Web Application: selecting a dataset
You will work with your web application team for this assignment.
The web application
For the remainder of the term, you'll be working on various aspects of a database-driven web application. Think about a site like the World Population Clock or Baseball Reference or this super-cool baby name visualizer or Worldometer or IMDb or this ridiculous little toy for movie lovers. All of these concern themselves with various ways of searching and reporting on aspects of complex (or not-so-complex) datasets.
Our application will use a pretty typical setup:
- a browser on the user's machine
- a web application on the server that accepts normal web requests for pages (e.g., index.html) and supporting files (e.g., styles.css, scripts.js, elephant.jpg)
- an API implemenation on the server that receives requests and returns JSON-formatted data
- HTML files that present the structure of the content of the web pages
- CSS files that specify the appearance of the web pages
- Javascript files that enable interactivity that's easier and more pleasant to use than just following links from page to page
- a database that the server application(s) can consult
There are performance, usability, and maintainability/extensibility tradeoffs in this structure that we'll discuss as we go along.
First step: pick a dataset
For the purposes of this project, you're going to start by selecting a dataset suitable for the pedagogical goals of the project. Normally, you would enter into a project knowing what data is involved, since there wouldn't be a project at all unless you or somebody else had an idea for what you wanted to build. But class projects are a little weird. Let's roll with it.

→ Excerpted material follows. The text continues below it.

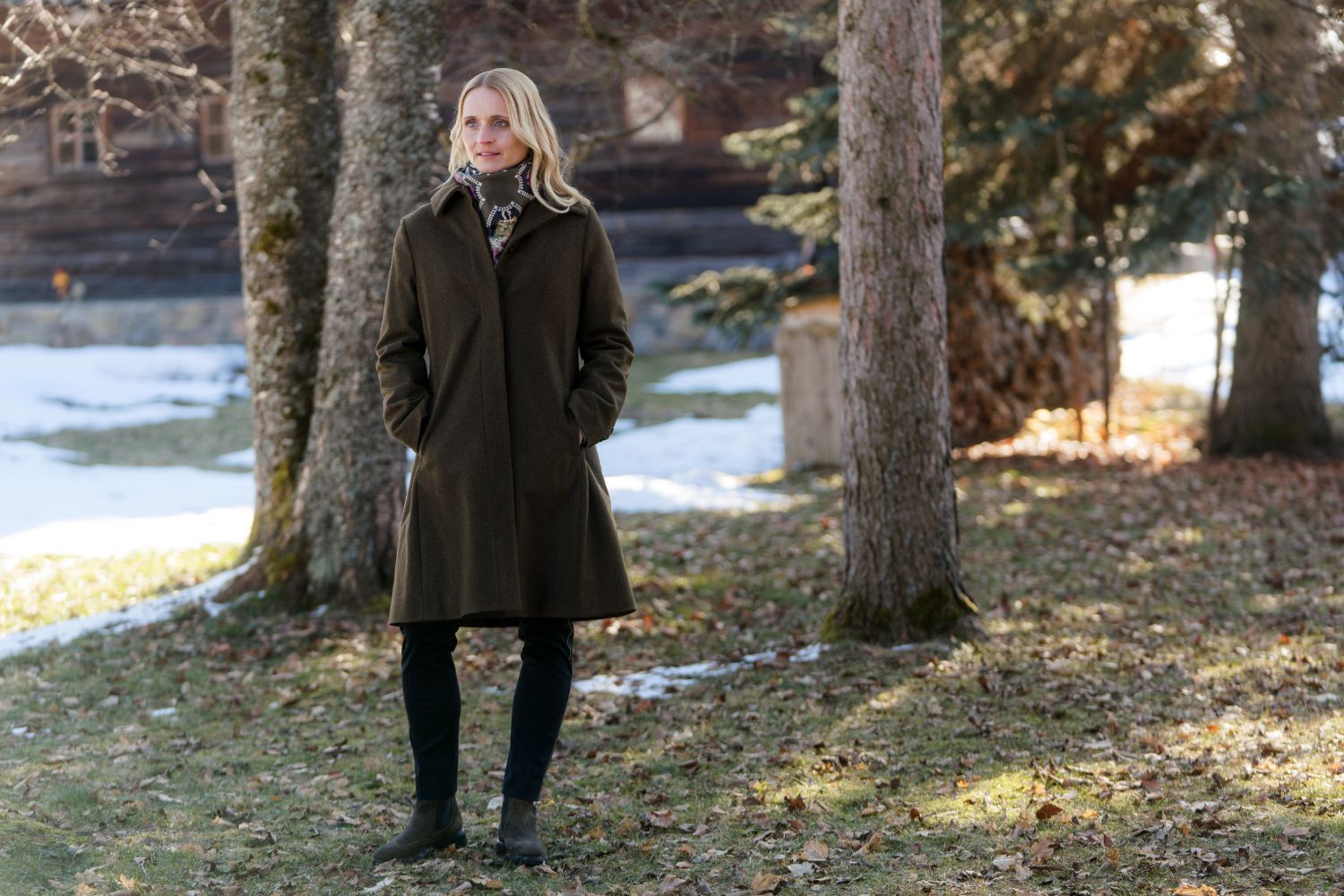 Women's Loden Coats | Virgin Wool Coats | Steiner1888
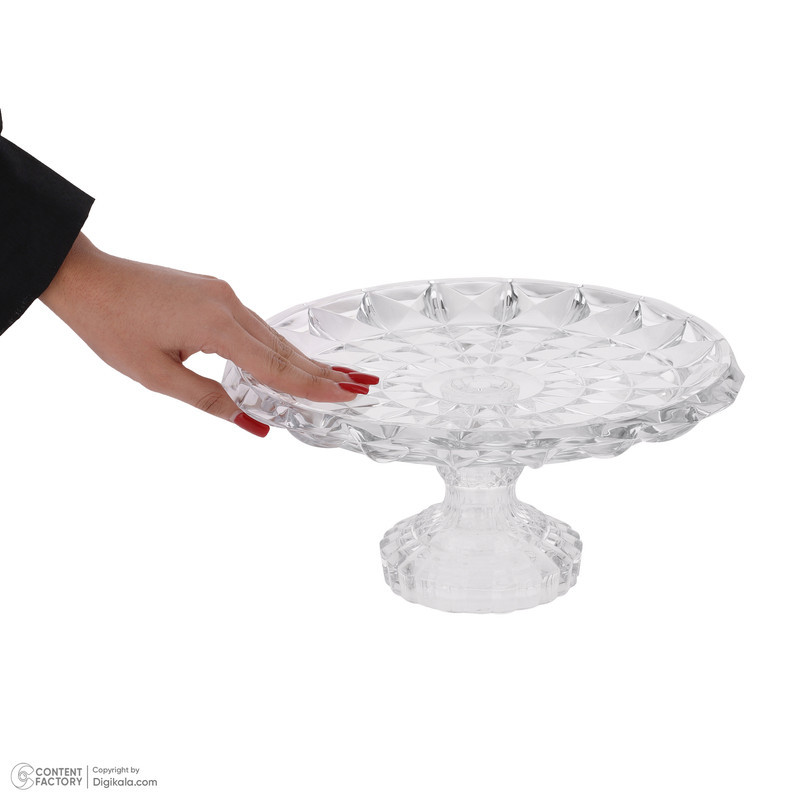 شیرینی خوری ساکورا طرح پایه دار مدل Sk17872400w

We want data that has the following properties:
- Intrinsically interesting to you, since you'll be working with the data for several weeks, and working with boring data is no fun
- Composed of multiple fundamental entities (like books/authors/publishers or movies/directors/actors/writers or car models/makes/years), so you will get practice doing non-trivial database design
- Supportive of multiple interesting search and display options, so you will get practice doing non-trivial API and user interface design
- Has a license that allows you to use the data for academic purposes, so your project will be legal
- Is available for bulk download, preferably in CSV form, so you can convert their data into your database structure on our server
Where can you find interesting data?
First, if you do some brainstorming about a website you would find interesting, you can certainly search for a relevant dataset on your own. But if you need some inspiration, the Carleton library has assembled a good list of sites with datasets suitable for this class. Check it out.
Here are some other places that might have something interesting:
- Data is Plural
- World Health Organization
- US government (even though some datasets have been disappearing recently)
- US census
- US Congress
- etc.
In my experience, many students find their way to kaggle.com. That's not necessarily bad, but Kaggle datasets are extremely variable in quality and interest. Many of them are pretty bad or just kinda weird. So don't look only there.
Your tasks
- Find three candidate datasets that meet the criteria above.
- (Due 5:00PM Friday, April 11) On the Slack channel #general, post brief descriptions of your candidate datasets, including links to the sites that have the data. Write a sentence or two about what you like or don't like about each dataset (keeping the criteria listed above in mind).
- Wait for comment from me on Slack by class time Monday, April 14. I plan to respond to your Slack posts as soon as I can as they come in, so you can get feedback quicker by posting sooner. Once you're settled on a dataset, you can begin the following assignment, due 11:59PM Tuesday, April 15 (roughly "write a short project proposal", but I'll post a more detailed description of this assignment by Friday).